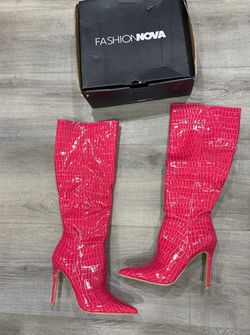 FashionNova Heel Boots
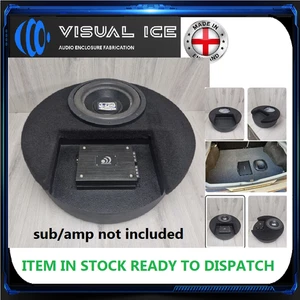AMPLIFICADOR DE RUEDA DE REPUESTO 12" 32 cm / sub caja piso falso alpino jl jbl mtx jvc - Imagen 1 de 11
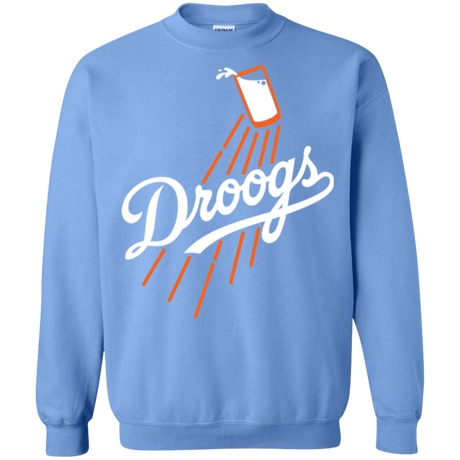 Sweatshirts Carolina Blue / Small Droogs Crewneck Sweatshirt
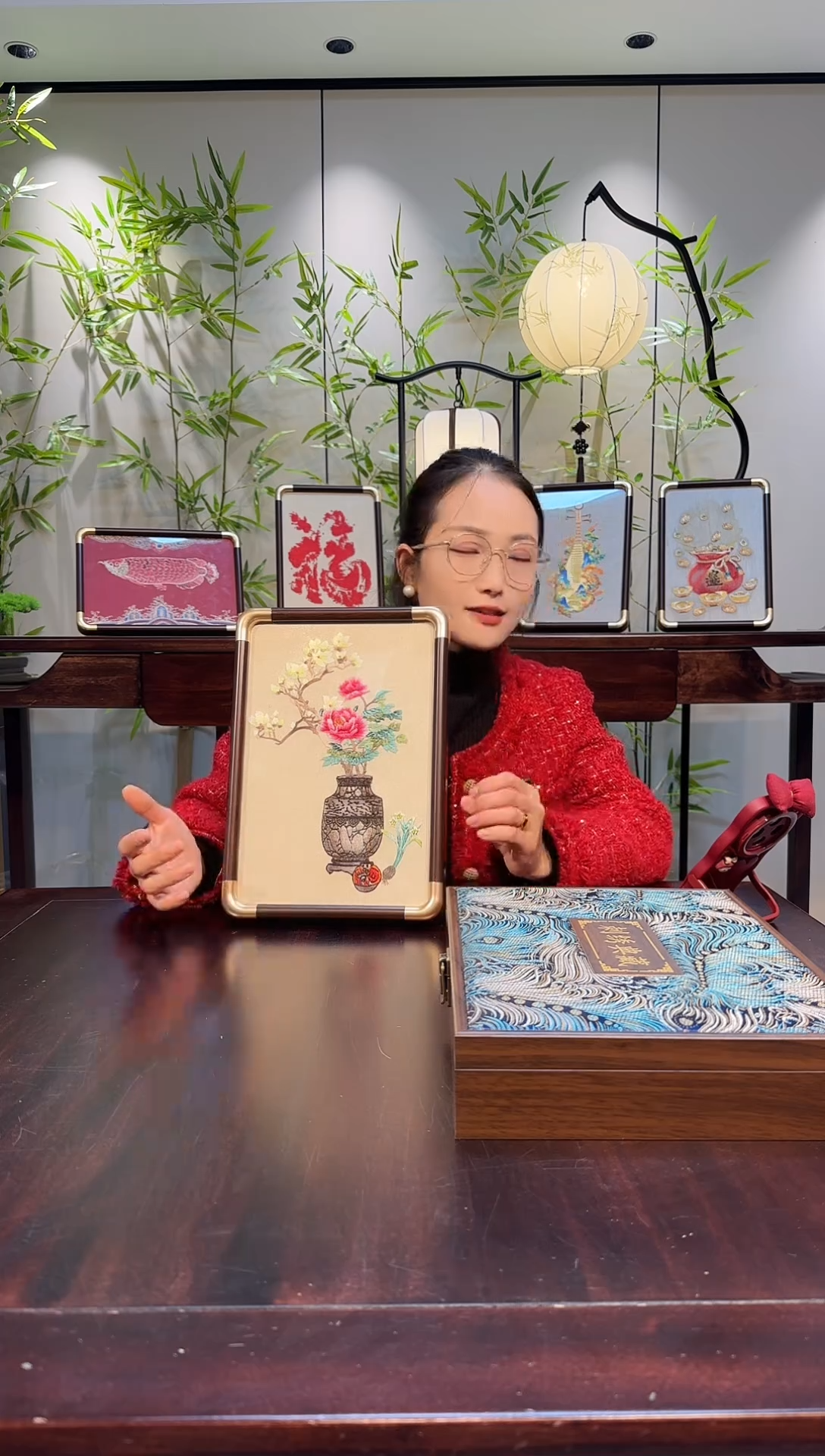 布天宫绣苑，分享刺绣家居美物！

* [TASK BRIEF]:
Omitting all pictures, give the preceding listing again exactly.

* [EXERCISE RESULT]:
 FashionNova Heel Boots
AMPLIFICADOR DE RUEDA DE REPUESTO 12" 32 cm / sub caja piso falso alpino jl jbl mtx jvc - Imagen 1 de 11
 Sweatshirts Carolina Blue / Small Droogs Crewneck Sweatshirt
 布天宫绣苑，分享刺绣家居美物！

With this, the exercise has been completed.